Page MenuHomePhabricator

upgrade ping offload servers to bullseye (was: ping servers running out of disk)
Closed, ResolvedPublic

Description

All three ping* servers, ping1001, ping2001 and ping3001 ran out of disk space today, shortly after one another.

icinga alerted about it with minutes in between and they all had 0 bytes left.

We fixed them for now by running "apt-get clean" and "apt-get autoremove" (which finished kernel upgrades and removed old kernel and packages) and that got them all back to just 77% usage.

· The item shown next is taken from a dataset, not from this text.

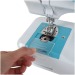 Miniatura del producto Máquina de coser Prixton P110 4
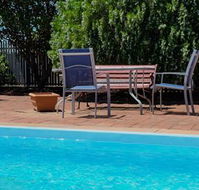 Pioneer Station Motor Inn - Accommodation Redcliffe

This was not a case of logs filling up /var/log, instead /usr/lib is the largest thing here and also / in general is just tiny on these. Just 3 GB on /dev/vda1.

Assuming it was caused by ongoing kernel upgrades pushing them over the edge.

This ticket is to decide that either nothing needs to be done, or that the disks are too small or that some other automated action is needed to prevent this in the future.

Event Timeline

We certainly should automate the removal of obsolete kernels in a better way, but with only 3G on the root partition that would happen again anyway (there will always be two kernels installed in any case), 3G is simply too small these days. The VMs should simply be bumped to 5 or 10G for the disks, but given that resizing the root disk is a little fiddly in Ganeti, we can simply wait until bullseye is out and recreate these as ping[123]002 on bullseye with bigger disks.

Thank you. This solution seems good to me. Should we just close this again then? Or we can recycle/rename it to "upgrade ping servers to bullseye" :p

+1 to rename and stall on bullseye being ready.

Dzahn renamed this task from ping servers running out of disk to upgrade ping offload servers to bullseye (was: ping servers running out of disk).Feb 6 2021, 12:06 AM
Dzahn changed the task status from Open to Stalled.
Dzahn triaged this task as Low priority.
taavi changed the task status from Stalled to Open.Jan 9 2022, 2:53 PM
LSobanski subscribed.

Looks like the disk space problem was addressed in T295767 but the upgrade to Bullseye is still pending.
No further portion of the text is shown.